Sen. Cory Gardner (R-CO) joined the majority of his colleagues on the Senate Subcommittee on East Asia, The Pacific, and International Cybersecurity Policy, which he chairs, in keeping mostly quiet on President Trump’s suggestion that China investigate former Vice President Joe Biden–while two Democrats on the committee criticized Trump.

Trump called on the government of China last Thursday, October 3, to investigate Biden, a request very similar to the one he made of Ukrainian President Volodymyr Zhelensky, which prompted the House’s ongoing impeachment inquiry.

The China suggestion prompted two of four Democrats on Gardner’s subcommittee to denounce Trump’s comment.

Two of five Republicans on the subcommittee have commented, with one saying Trump’s request wasn’t a big deal and the other saying it was appropriate.

Gardner hasn’t issued a public statement on Trump’s request of China, and his office did not respond to multiple requests for comment.

On Thursday, Gardner refused multiple times to answer directly if he thought it was appropriate for the president to ask a foreign government to investigate a political rival, instead suggesting that the impeachment inquiry was an inherently partisan effort.

“Look here’s what we’re doing: We saw immediately was a jump to a very partisan, serious use of a tool in the Constitution,” he told reporters.

Among Republican lawmakers silence a common response. According to CNN, of 80 Republican politicians contacted about Trump’s statements on China, “few” responded.

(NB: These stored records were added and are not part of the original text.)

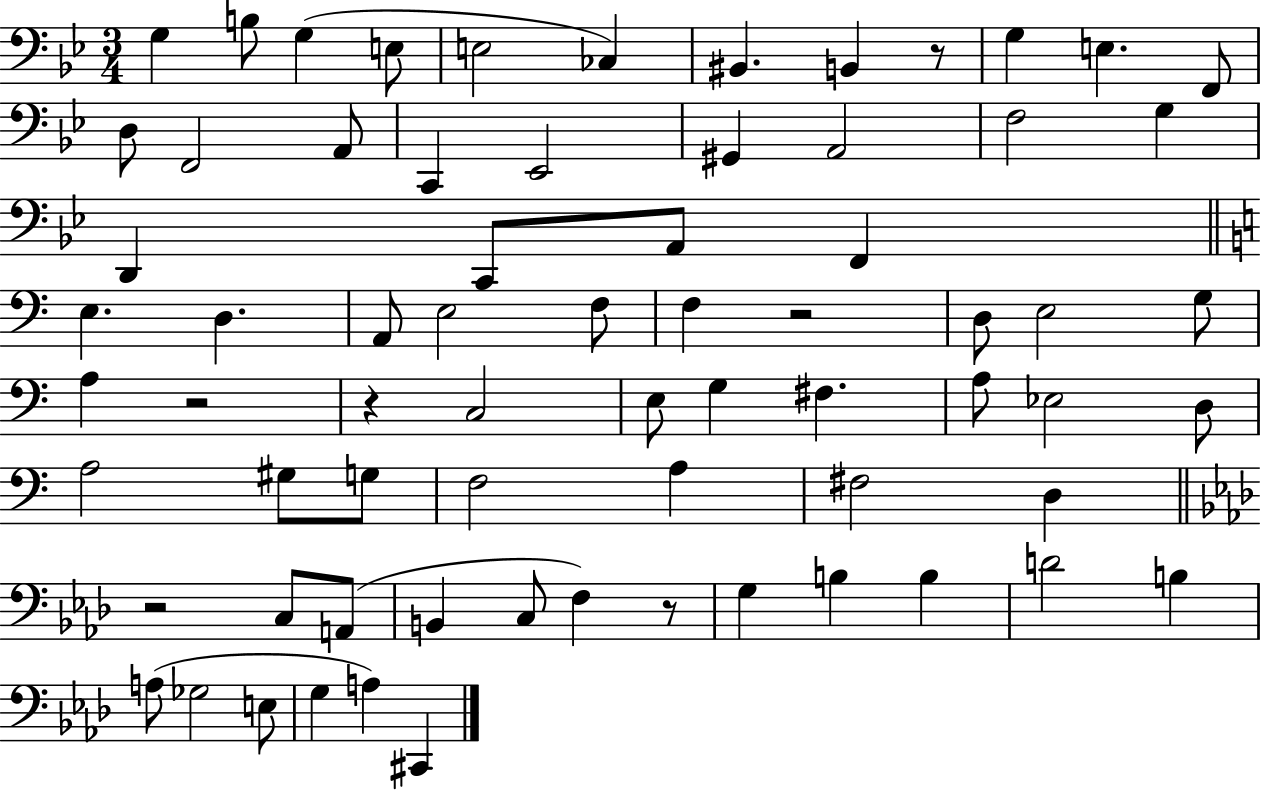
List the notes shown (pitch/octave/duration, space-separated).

G3/q B3/e G3/q E3/e E3/h CES3/q BIS2/q. B2/q R/e G3/q E3/q. F2/e D3/e F2/h A2/e C2/q Eb2/h G#2/q A2/h F3/h G3/q D2/q C2/e A2/e F2/q E3/q. D3/q. A2/e E3/h F3/e F3/q R/h D3/e E3/h G3/e A3/q R/h R/q C3/h E3/e G3/q F#3/q. A3/e Eb3/h D3/e A3/h G#3/e G3/e F3/h A3/q F#3/h D3/q R/h C3/e A2/e B2/q C3/e F3/q R/e G3/q B3/q B3/q D4/h B3/q A3/e Gb3/h E3/e G3/q A3/q C#2/q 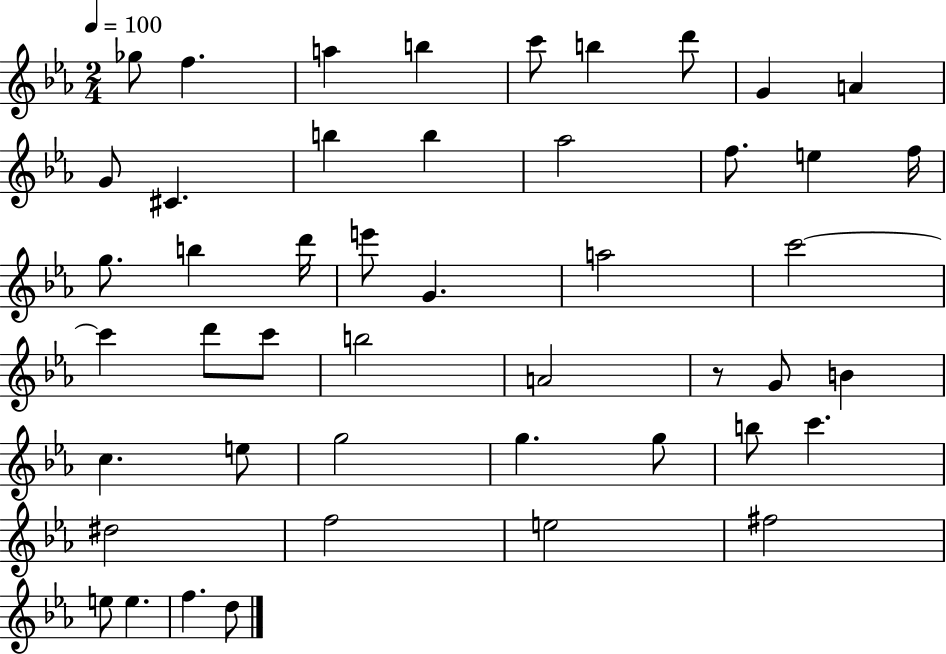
X:1
T:Untitled
M:2/4
L:1/4
K:Eb
_g/2 f a b c'/2 b d'/2 G A G/2 ^C b b _a2 f/2 e f/4 g/2 b d'/4 e'/2 G a2 c'2 c' d'/2 c'/2 b2 A2 z/2 G/2 B c e/2 g2 g g/2 b/2 c' ^d2 f2 e2 ^f2 e/2 e f d/2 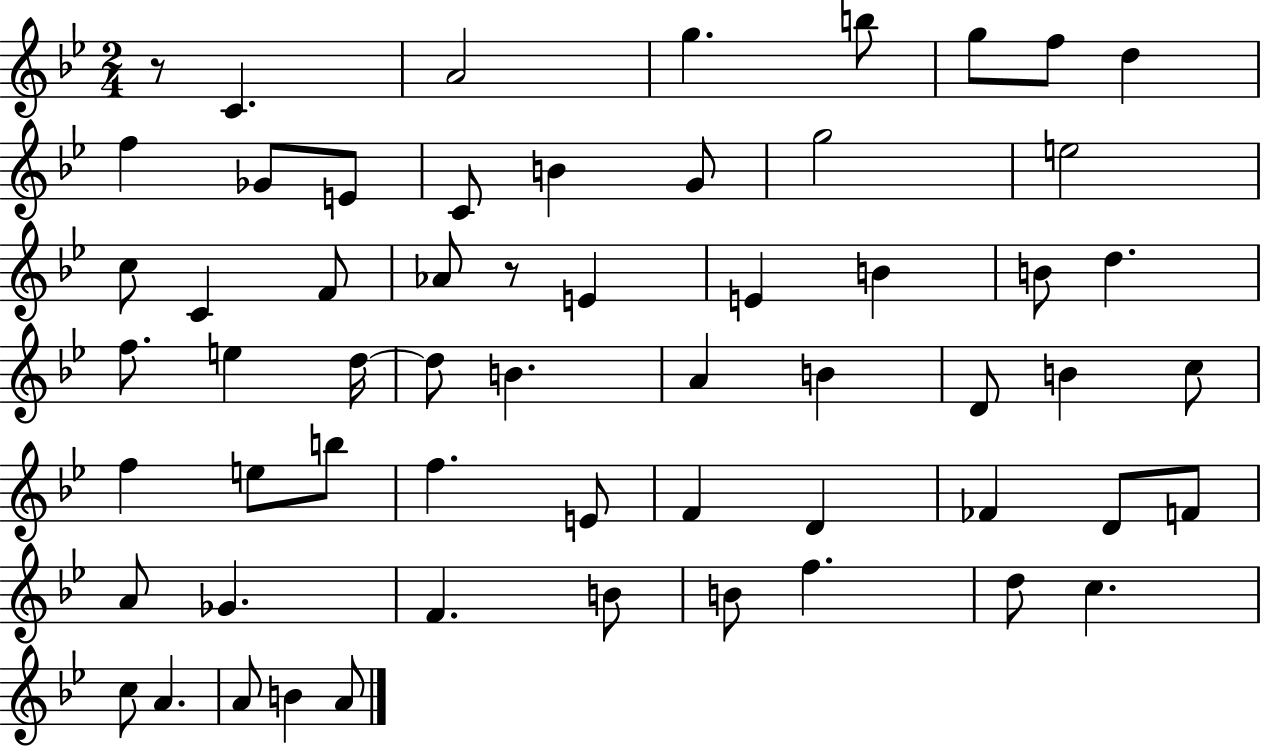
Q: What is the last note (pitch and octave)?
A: A4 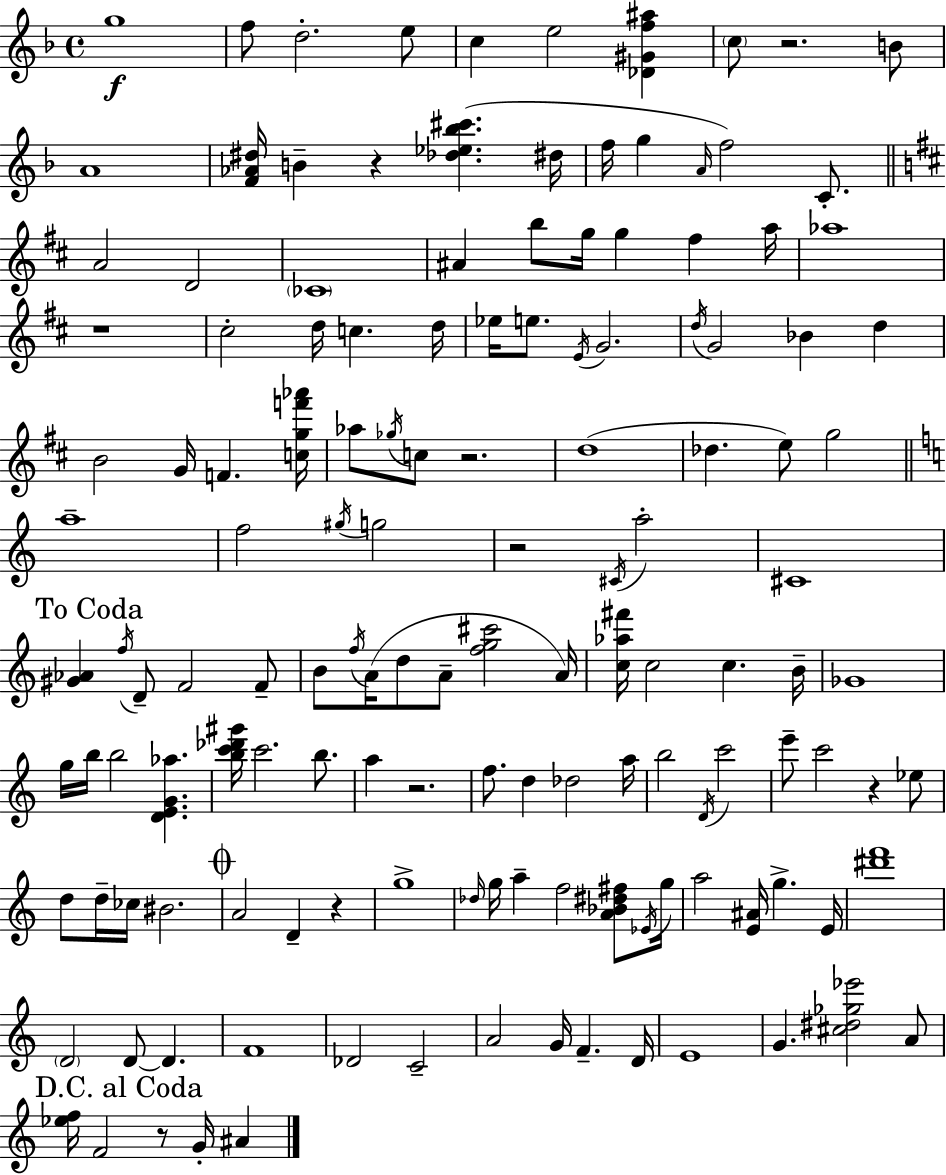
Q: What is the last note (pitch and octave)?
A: A#4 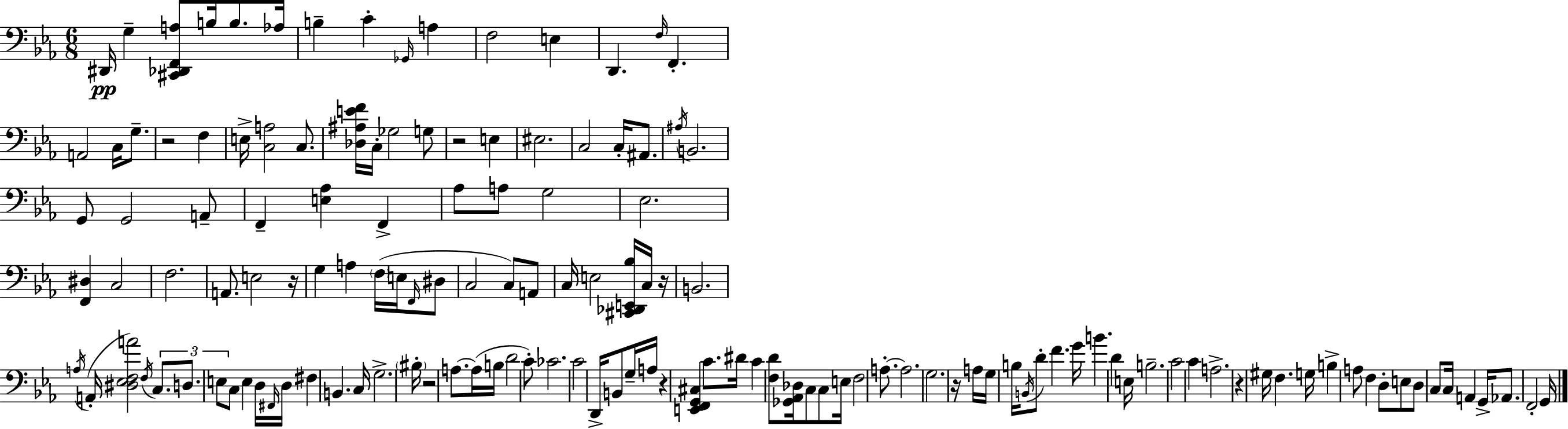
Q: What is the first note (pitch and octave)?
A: D#2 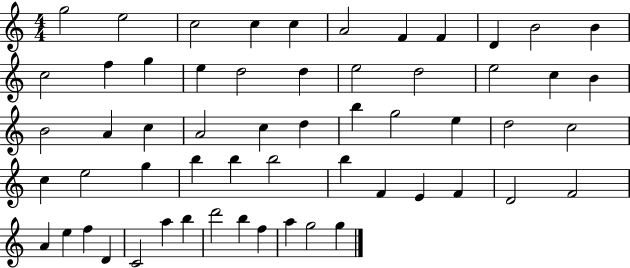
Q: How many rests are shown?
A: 0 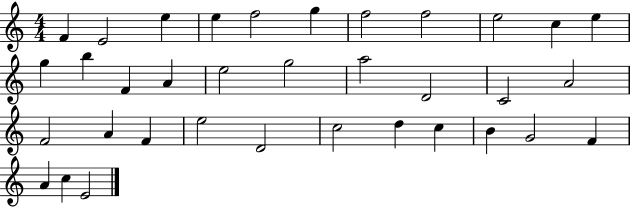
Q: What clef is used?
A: treble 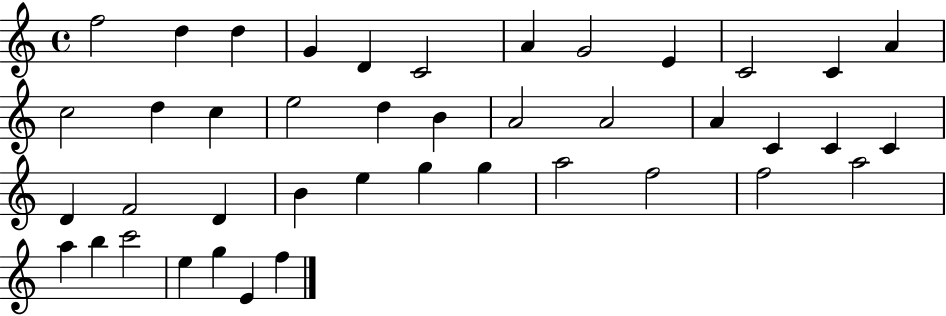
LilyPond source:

{
  \clef treble
  \time 4/4
  \defaultTimeSignature
  \key c \major
  f''2 d''4 d''4 | g'4 d'4 c'2 | a'4 g'2 e'4 | c'2 c'4 a'4 | \break c''2 d''4 c''4 | e''2 d''4 b'4 | a'2 a'2 | a'4 c'4 c'4 c'4 | \break d'4 f'2 d'4 | b'4 e''4 g''4 g''4 | a''2 f''2 | f''2 a''2 | \break a''4 b''4 c'''2 | e''4 g''4 e'4 f''4 | \bar "|."
} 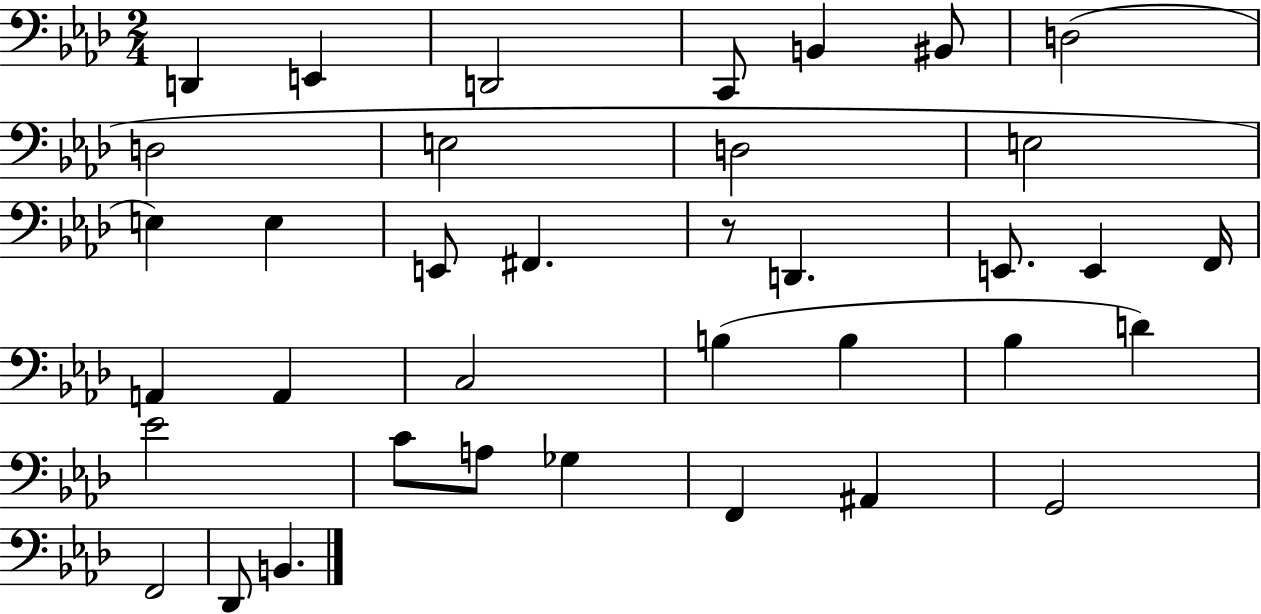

On Gardner’s subcommittee on East Asia, Senators Johnny Isakson (R-Georgia) and Todd Young (R-Indiana) have also not made public statements yet, and did not respond to multiple requests for comment.

Sen. Marco Rubio (R-Florida) downplayed the president’s China statements to CNBC, saying “it’s an offhand comment and an inappropriate one but not a real proposal or a real initiative that’s [being undertaken].”

He added, “I don’t think what he said was right. I don’t agree with it.”

Sen. Ron Johnson (R-Wisconsin) said it is not improper for the president, as chief executive of U.S. foreign relations, to ask other governments to provide information for American investigations when it serves the country’s interest.

“Sometimes you may need some information. You may need some access. You may need them to cooperate with, for example, U.S. FBI agents going there to investigate a potential crime,” Johnson told reporters at an event in Middleton, Wisconsin.

He clarified that he was not referring specifically to any investigation, and that he would not trust the Chinese government to investigate American affairs.

Sen. Tom Udall (D-New Mexico), who’s also on the East Asia subcommittee, was harsher in condemning Trump’s public comments on China.

“The president is violating our most deeply held founding principles by pressuring foreign governments – in public and in private – to interfere in our elections and target the president’s political opponents,” Udall said in a statement.

“By all appearances, he is abusing the powers of his office to try and benefit himself politically. The White House needs to stop stonewalling this investigation—the American people deserve to know all the facts.”

During a personal phone call in June, Trump is also reported to have promised Chinese President Xi Jinping that the U.S. would be silent on pro-democracy protests in Hong Kong while the country’s are in talks for a trade deal.

Sen. Ed Markey (D-MA), the Democratic leader on the East Asia subcommittee, wrote an open letter to Trump demanding an explanation of his conversation with Xi.

“You have now repeatedly undercut America’s efforts to press Beijing on violations of political freedoms and human rights,” he wrote. 

“You gave the leader of the Chinese Communist Party your tacit approval for continued coercion and dehumanization of protestors. Even worse, you made this commitment on the same call in which you reportedly discussed your domestic political rivals with the leader of China. Thus, President Xi may plausibly have concluded that aiding your campaign efforts would increase his freedom of action in Hong Kong.”

Colorado Politics reports Gardner called Trump’s conversation with Ukraine a “serious matter,” but dodged the impeachment question, instead offering, “Let’s get to the bottom of this.”

As the House impeachment inquiry, which the White House has publicly refused to cooperate with, continues, Gardner will likely be under increased scrutiny as he faces reelection.

As the Washington Post reports, Gardner is one of four Republican senators being targeted by a $3.1 million pro-impeachment ad campaign on behalf of billionaire Democratic presidential candidate Tom Steyer.

Gardner appears to have taken note of the scrutiny he is under. In the same interview when he refused several times to say if he thought the president’s actions were appropriate, he asked, “Why is that when [the press does] stories, or we see reports in the news, it’s about four states: Colorado, Arizona, Maine and North Carolina?”